Sebbene molti sforzi in questo senso siano stati fatti, come la creazione di un apposito ufficio del Segretariato Generale delle Nazioni Unite per la violenza sessuale associata a situazioni di conflitto e di un network di agenzie internazionali impegnate su programmi paese specifici, il fenomeno continua di fatto ad essere sottostimato, complice anche il senso di vergogna che impedisce alle vittime e ai sopravvissuti di denunciare quello che hanno subito, rendendo di conseguenza molto difficile la raccolta dei dati per ogni teatro di conflitto.
A livello internazionale sempre più si sta rafforzando un movimento di opinione, nato dalla società civile, per contrastare in tutti i modi possibili questo crimine e per sostenere le vittime da esso causate; in Italia le attività in questo senso sono coordinate dalla “Campagna Italiana contro lo stupro e la violenza sessuale nei conflitti – Stop Rape Italia”.
“Lo stupro di guerra una delle tante forme con cui la violenza si abbatte sui civili durante i conflitti e un crimine brutale” – afferma Giuseppe Castronovo, Presidente Nazionale dell’ANVCG. “L’ANVCG, già dagli anni ‘50 si è impegnata in questo campo, promuovendo il riconoscimento di un risarcimento alle vittime di stupro durante il secondo conflitto mondiale, per troppo tempo disconosciute nei loro diritti.

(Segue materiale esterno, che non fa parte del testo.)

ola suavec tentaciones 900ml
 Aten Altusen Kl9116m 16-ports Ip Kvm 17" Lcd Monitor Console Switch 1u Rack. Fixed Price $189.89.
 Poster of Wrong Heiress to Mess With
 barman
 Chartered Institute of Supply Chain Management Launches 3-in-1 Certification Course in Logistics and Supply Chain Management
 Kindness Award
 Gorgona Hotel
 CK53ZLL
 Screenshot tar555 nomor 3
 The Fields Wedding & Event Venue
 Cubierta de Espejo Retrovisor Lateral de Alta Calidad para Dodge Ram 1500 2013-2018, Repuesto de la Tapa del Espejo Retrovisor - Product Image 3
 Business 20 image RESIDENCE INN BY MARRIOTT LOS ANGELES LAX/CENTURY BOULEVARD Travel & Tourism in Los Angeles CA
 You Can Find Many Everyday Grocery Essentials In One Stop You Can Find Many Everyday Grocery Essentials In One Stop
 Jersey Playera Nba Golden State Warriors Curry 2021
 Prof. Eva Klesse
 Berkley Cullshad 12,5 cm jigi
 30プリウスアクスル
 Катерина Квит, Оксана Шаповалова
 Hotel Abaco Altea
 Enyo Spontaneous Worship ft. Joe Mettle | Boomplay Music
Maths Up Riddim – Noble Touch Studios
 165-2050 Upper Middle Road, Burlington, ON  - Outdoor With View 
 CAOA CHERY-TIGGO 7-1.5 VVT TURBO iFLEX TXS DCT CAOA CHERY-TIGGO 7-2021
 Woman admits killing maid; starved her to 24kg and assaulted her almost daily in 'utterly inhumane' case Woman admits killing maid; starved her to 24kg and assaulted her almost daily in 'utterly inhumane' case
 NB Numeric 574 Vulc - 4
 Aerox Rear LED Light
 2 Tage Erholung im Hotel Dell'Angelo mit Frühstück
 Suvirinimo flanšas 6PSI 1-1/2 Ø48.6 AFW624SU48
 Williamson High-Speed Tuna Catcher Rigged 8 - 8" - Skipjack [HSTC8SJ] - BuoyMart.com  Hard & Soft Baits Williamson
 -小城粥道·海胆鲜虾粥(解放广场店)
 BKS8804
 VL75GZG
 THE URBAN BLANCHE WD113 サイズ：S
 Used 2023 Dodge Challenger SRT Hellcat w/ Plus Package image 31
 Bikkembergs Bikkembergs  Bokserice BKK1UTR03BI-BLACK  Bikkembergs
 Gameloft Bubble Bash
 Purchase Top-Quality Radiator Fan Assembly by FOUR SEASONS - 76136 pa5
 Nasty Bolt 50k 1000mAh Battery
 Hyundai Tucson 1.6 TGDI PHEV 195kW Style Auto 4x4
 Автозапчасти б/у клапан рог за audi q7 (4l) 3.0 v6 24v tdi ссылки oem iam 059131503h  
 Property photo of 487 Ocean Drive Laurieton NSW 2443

E’ anche grazie a questo impegno che si è giunti alla decisione con cui, nel 1987, la Corte Costituzionale ha riconosciuto questo diritto al risarcimento, un precedente che auspico possa ripetersi in tutti i paesi del mondo. Con questo spirito l’ANVCG ha aderito alla campagna “Stop Rape Italia”, nella ferma convinzione che la violenza sessuale nei conflitti sia una minaccia per la sicurezza collettiva e un’onta per l’umanità”.